Information supplied:

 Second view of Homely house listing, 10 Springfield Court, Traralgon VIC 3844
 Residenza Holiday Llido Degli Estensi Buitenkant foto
--
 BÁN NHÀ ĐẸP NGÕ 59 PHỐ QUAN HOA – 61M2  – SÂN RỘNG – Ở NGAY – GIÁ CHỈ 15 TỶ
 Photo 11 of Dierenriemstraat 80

Task goal: Once you find the line with "Second view of" in the entries above, output it and each line after it up to and including the line with "Residenza Holiday Llido", and nothing else.

Problem solution:
 Second view of Homely house listing, 10 Springfield Court, Traralgon VIC 3844
 Residenza Holiday Llido Degli Estensi Buitenkant foto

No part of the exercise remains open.